Wednesday, July 23, 2014

July 23 – “The Toughest Calls”

I made a quick trip out to Galveston’s West End at around ten p.m. the other night.  I was joining the fire chief, not for a leisurely drive, but to make a visit to our fire station located there.  This was not to be one of those fun-loving, just checking in on the boys kind of visits, though.  This crew was just returning from the hospital after one of what is perhaps the all-time toughest kind of call a fire fighter can make – a possible pediatric drowning. 

I read about some of the details of the situation in the next morning’s newspaper.  According to their report, the four-year-old had been separated from her family.  They had been at the kiddie pool of the condos they were staying in.  Some of the family had already retired to their room.  The others apparently thought the little one had gone with them.  When they returned and realized the child was not there, they hurried back to the pool and discovered her near the bottom of the deep end of an adult pool.  Family members quickly pulled her out and began CPR.  When the fire fighters arrived they took over and stayed with her to the hospital.  Sadly, the young girl was later pronounced dead by hospital staff.

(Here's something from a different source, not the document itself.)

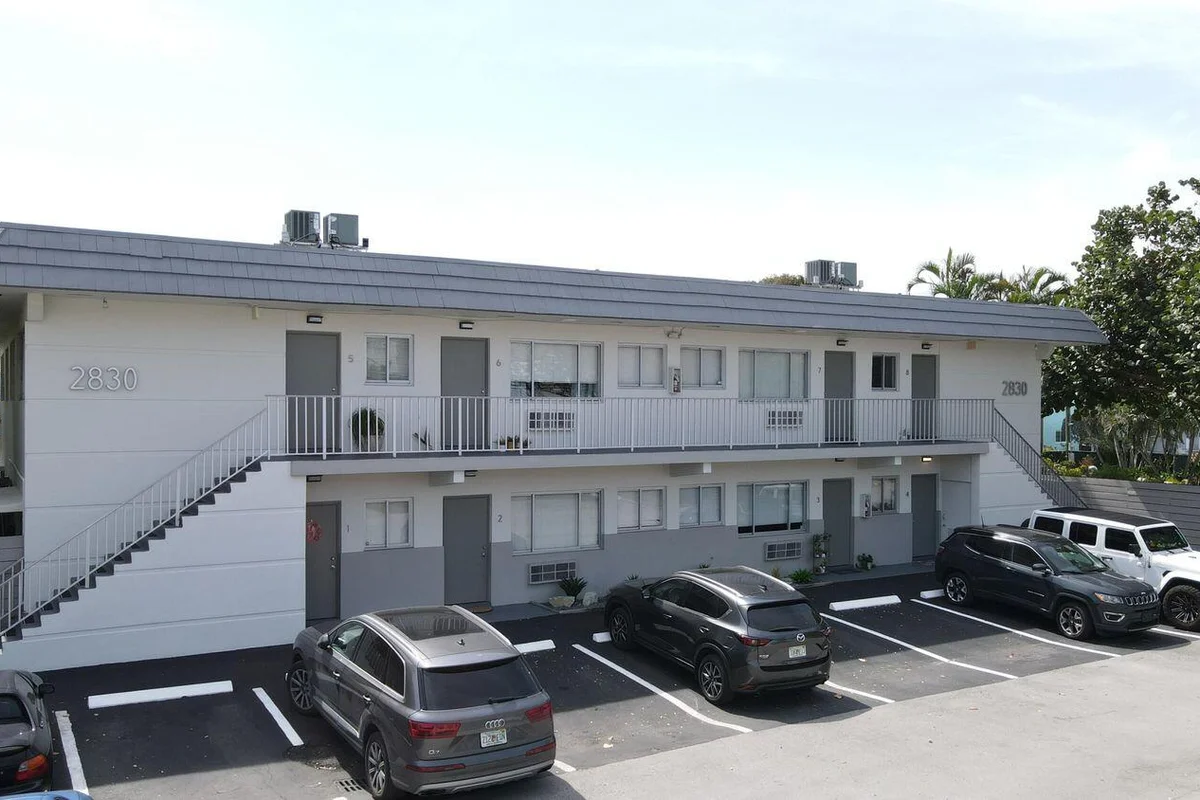 2830 NE 30th St #9, Fort Lauderdale: photo 1 of 12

The chief called me and asked if I would drive out with him to check on the fire fighters involved in the rescue.  Some of the guys were “grizzled veterans,” so they were “handling it” the old school way.  And what would be involved in the “old school way”?  Lots of approaches.  Just take a deep breath and tough it out.  Acknowledge that “that’s just the way life happens, and sometimes it stinks.”  Have another cigarette.  Take a walk into yourself – your internal man cave - and ponder the things that matter most to you.  Change the subject altogether.  Take part in some of the good-natured ribbing that is a part of the fire fighter fraternity way of life so you can release some tension through laughter.  All valid, time-tested-by-men methods of dealing with extreme stress. 

Or perhaps they can take it to the next level, as these particular guys were strong enough to do.  Share a specific incident from your own past that this event brought to the forefront of your memory.  Recall how you felt back then and how you dealt with it.  After all, it’s safer to talk about something that you have already obviously overcome than something that might be eating away at you right now.  Draw on the comradery of someone else who has also been there, maybe even been there with you.  Feed off of each other’s strength. 

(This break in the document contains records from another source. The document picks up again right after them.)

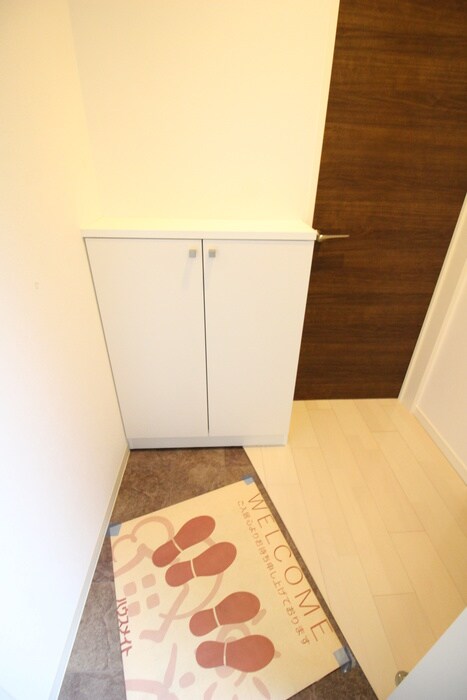 物件内観写真7　(玄関)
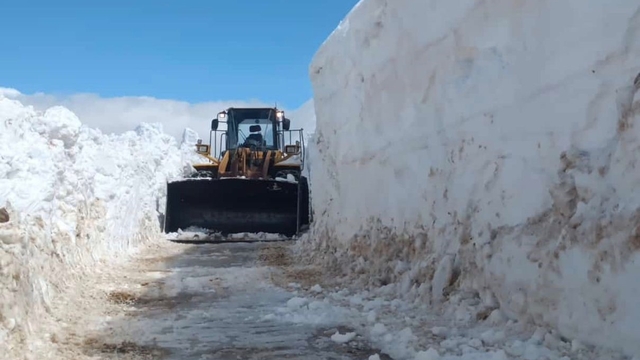 Hizan'da çığ ve kar engeli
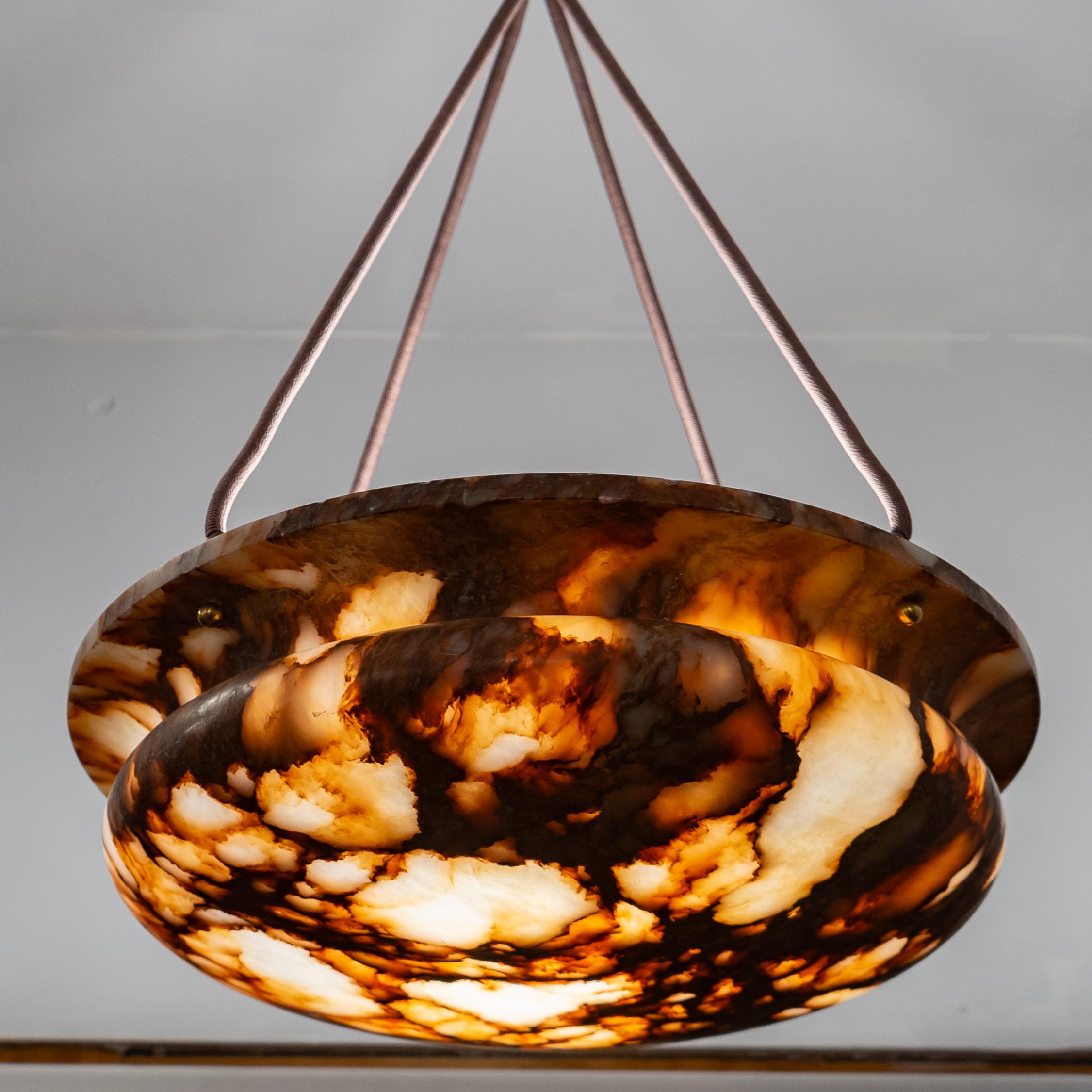 Apparecchio di illuminazione in alabastro color cioccolato in vendita 2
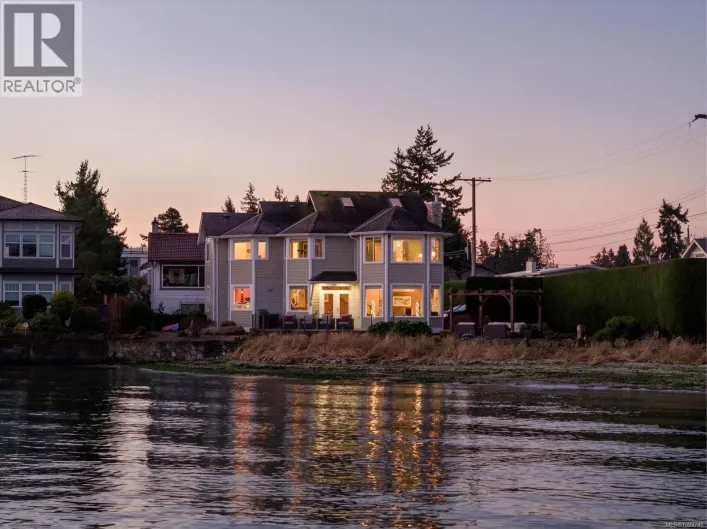 10239 Fifth St, Sidney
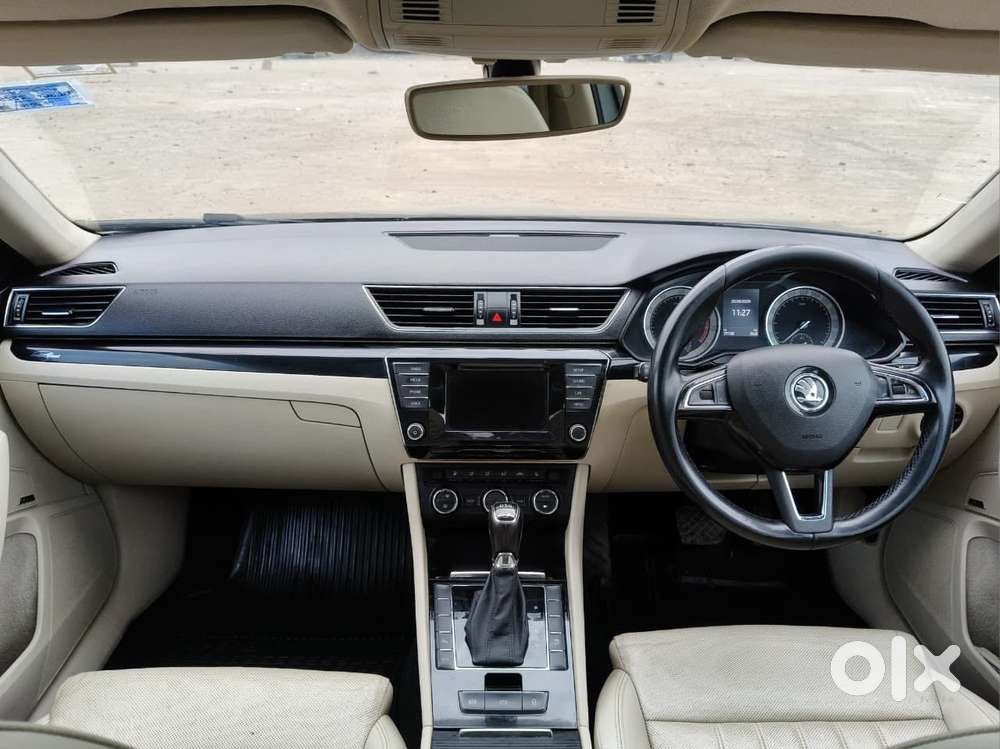 Skoda Superb Lk 1.8 Tsi At, 2016, Petrol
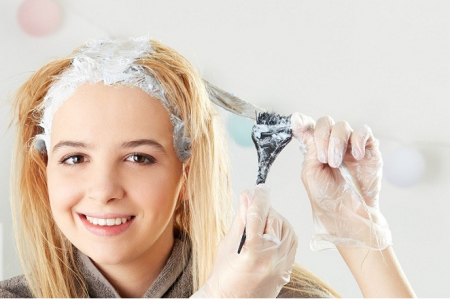 Thuốc tẩy tóc dạng bột là giải pháp tối ưu để giảm bớt màu nhuộm cũ trên tóc của bạn. Không cần phải tốn tiền và thời gian ở hiệu tóc, bạn có thể dễ dàng thực hiện tại nhà. Hình ảnh liên quan sẽ cho bạn thấy cách sử dụng chi tiết và hiệu quả của loại sản phẩm này.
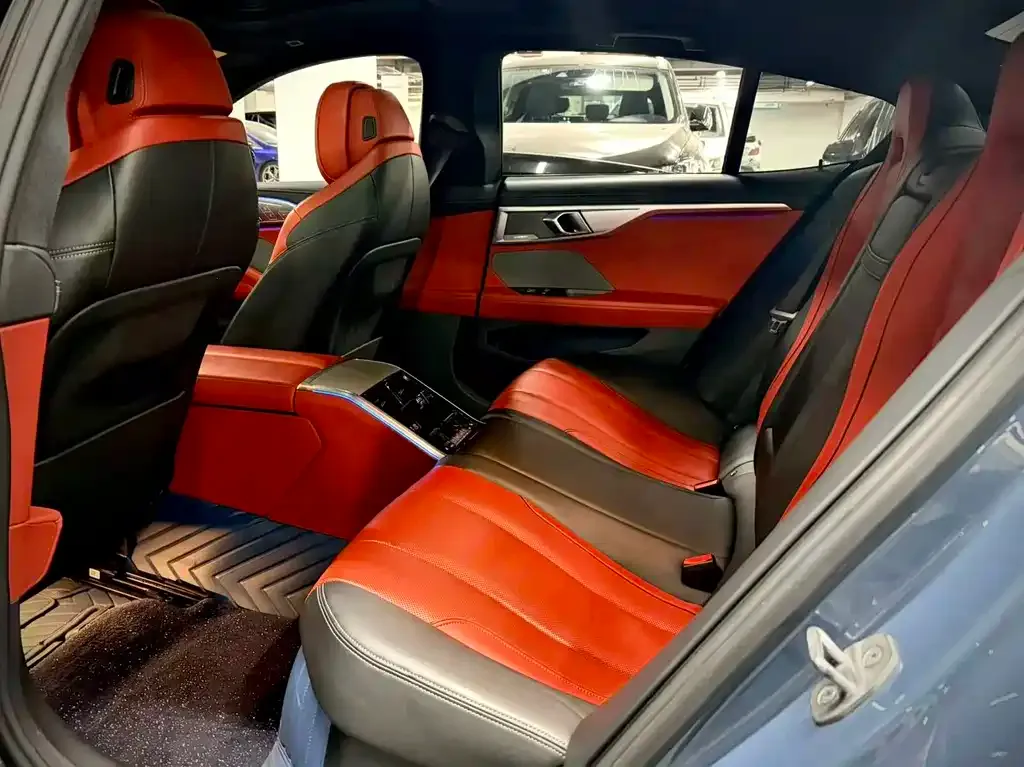 BMW 8 Series 2021 из CN, фото 2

But what about the younger men?  What about the young father with kids of his own roughly the same age as the victim?  He seemed to be handling it pretty well.  I don’t know what approach he took.  If I was in his shoes, I think I might want to pull up some photos of my kids on the computer and flip through them for a while.  And while on the computer anyway, I’m sure I could find something on the internet to occupy my mind while I processed how I felt.  It was too late for a quick FaceTime call, but I guarantee you I would have a big hug waiting for them when I got off shift the next morning.  Or how about the rookie?  He’s a single young man, no kids of his own.  I thought about how Nathan handled stressful calls before he got married.  We would receive a phone call from him late at night, and he would begin with, “Mom and Dad, I love you.”  That was his tell.  We knew he had just returned from a bad one.  He would give Chris the basics and when she handed me the phone he would fill me in on a few more of the details.  Can’t have Mom worrying too much, right? 

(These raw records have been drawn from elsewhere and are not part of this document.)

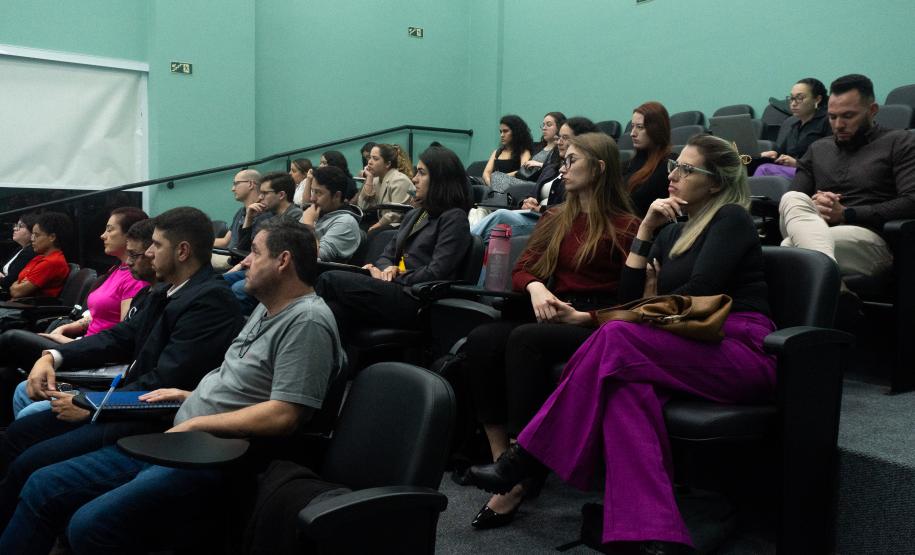 Imagem com foto da abertura do curso do júri da DPE-PR em Curitiba.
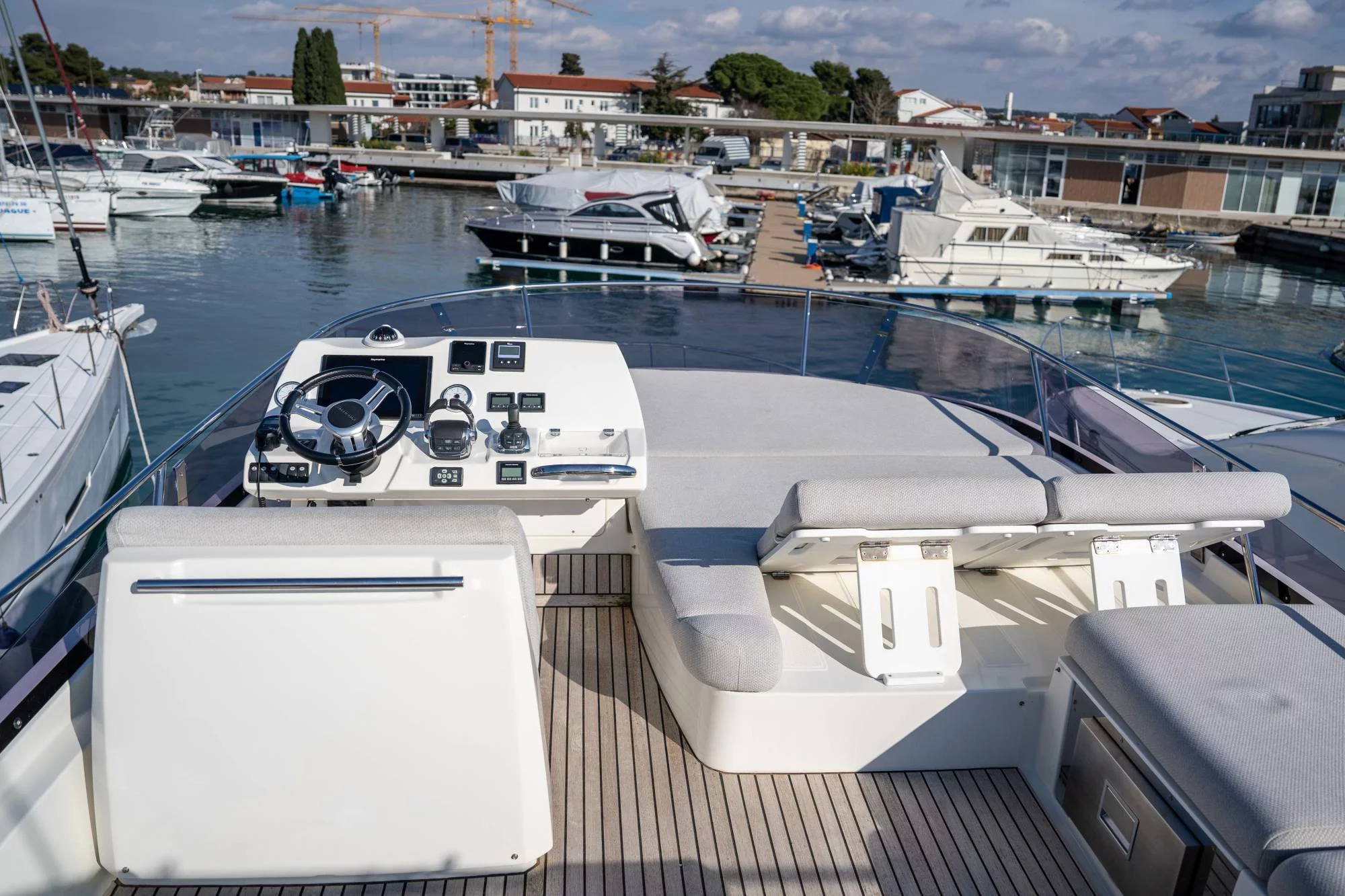 Prestige 460 (Adudu 2)  - 25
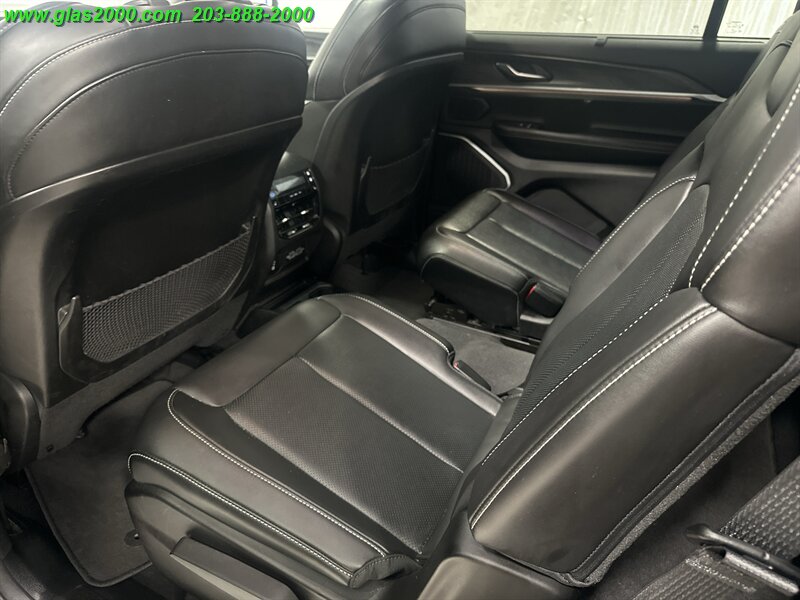2022 Jeep Grand Cherokee Limited - Photo 9 - Bethany, CT 06524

I spent some time talking to that young dad and the rookie.  They both talked about the incident with me, what they saw when they arrived on scene, what they did, what the paramedics did both when they arrived and in the ambulance.  It was important that they hear themselves saying that they did all they could for the little one.  They both acknowledged that it was tough.  This was the rookie’s first critical pediatric call.  He assured me that he had done many adult calls with another department, though.  Again, it was important that he be reassured within himself that he is capable and has proven himself.  I think you both have proven yourselves admirably.  Tell your kids that you love them.  Often.  Communicate with your wife/fiancée that you love her.  Often.  And you might throw your parents into the mix as well.  They have been loving you for a long time.

As I understand my role as chaplain, this is another example of my place in the big picture of the department - being available to listen as the guys debrief after a tough call.  It is one thing to be on scene at a big fire.  There about all I can do is offer the guys some cool water to drink and pray for their safety as I do my best to stay out of the way.  I often end up fielding questions from citizens, and on occasion I get to pray with the residents of the burning structure.  But the chance to be a listener, a supporter, and an encourager to a fire fighter can really make a difference when he has faced a life and death situation, no matter what the outcome.  I guess I’m learning.  Maybe someday I’ll get this chaplain thing figured out.

Psalms 23:4 says, “Even though I walk through the valley of the shadow of death, I will fear no evil, for you are with me; your rod and your staff, they comfort me.”

Father, walk with all of our fire fighters when they have to make the tough calls.  Give them strength of character both to deal with the circumstance before them and to handle the internal struggle that inevitably shows up later.  Amen.

1 comment:

Unknown said...

You are doing a fine job and have this chaplain thing figured out very well. Great job and keep it up!